Short web captions:
++++++

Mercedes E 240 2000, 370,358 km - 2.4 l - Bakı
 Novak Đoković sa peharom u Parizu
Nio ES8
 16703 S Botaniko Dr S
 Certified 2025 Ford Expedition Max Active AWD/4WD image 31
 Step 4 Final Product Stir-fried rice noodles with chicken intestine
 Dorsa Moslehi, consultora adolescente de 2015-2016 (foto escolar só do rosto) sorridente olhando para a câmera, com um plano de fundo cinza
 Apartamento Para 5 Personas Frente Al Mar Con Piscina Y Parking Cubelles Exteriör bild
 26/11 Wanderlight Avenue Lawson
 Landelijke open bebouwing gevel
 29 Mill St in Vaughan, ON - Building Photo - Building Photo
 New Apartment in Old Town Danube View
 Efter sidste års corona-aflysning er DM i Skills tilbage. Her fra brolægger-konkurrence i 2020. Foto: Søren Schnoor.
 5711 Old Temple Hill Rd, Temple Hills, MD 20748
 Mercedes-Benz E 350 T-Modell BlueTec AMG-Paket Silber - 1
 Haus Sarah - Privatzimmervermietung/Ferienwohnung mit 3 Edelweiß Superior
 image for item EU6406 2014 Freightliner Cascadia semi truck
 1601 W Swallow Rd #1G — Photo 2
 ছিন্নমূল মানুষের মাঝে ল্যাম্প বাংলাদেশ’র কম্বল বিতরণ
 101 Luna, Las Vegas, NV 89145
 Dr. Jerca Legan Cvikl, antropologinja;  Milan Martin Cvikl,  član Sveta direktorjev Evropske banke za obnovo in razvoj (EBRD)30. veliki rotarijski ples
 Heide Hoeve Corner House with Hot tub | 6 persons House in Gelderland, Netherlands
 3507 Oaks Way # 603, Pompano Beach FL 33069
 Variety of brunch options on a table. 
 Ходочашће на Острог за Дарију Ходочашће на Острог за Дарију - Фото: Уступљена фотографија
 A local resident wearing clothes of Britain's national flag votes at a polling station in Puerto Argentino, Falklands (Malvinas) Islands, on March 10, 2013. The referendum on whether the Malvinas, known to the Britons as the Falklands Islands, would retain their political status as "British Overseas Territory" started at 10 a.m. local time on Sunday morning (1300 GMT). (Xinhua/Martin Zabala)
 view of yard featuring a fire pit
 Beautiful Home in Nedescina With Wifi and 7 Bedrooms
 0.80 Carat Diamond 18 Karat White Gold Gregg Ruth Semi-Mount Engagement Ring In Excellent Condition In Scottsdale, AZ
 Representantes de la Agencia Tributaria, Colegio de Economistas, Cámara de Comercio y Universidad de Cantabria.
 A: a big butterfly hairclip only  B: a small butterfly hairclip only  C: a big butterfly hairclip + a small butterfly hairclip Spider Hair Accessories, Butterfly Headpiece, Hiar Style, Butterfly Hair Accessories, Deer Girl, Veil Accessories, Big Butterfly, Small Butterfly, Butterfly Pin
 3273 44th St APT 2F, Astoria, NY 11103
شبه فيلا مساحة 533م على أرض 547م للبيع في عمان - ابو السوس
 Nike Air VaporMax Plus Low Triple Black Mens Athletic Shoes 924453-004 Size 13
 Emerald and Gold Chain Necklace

++++++

--- What you are asked to do ---
Going back over the entries above, copy word for word every line from the one that has "ছিন্নমূল মানুষের মাঝে" on through the one that has "Dr. Jerca Legan".

--- Answer area ---
 ছিন্নমূল মানুষের মাঝে ল্যাম্প বাংলাদেশ’র কম্বল বিতরণ
 101 Luna, Las Vegas, NV 89145
 Dr. Jerca Legan Cvikl, antropologinja;  Milan Martin Cvikl,  član Sveta direktorjev Evropske banke za obnovo in razvoj (EBRD)30. veliki rotarijski ples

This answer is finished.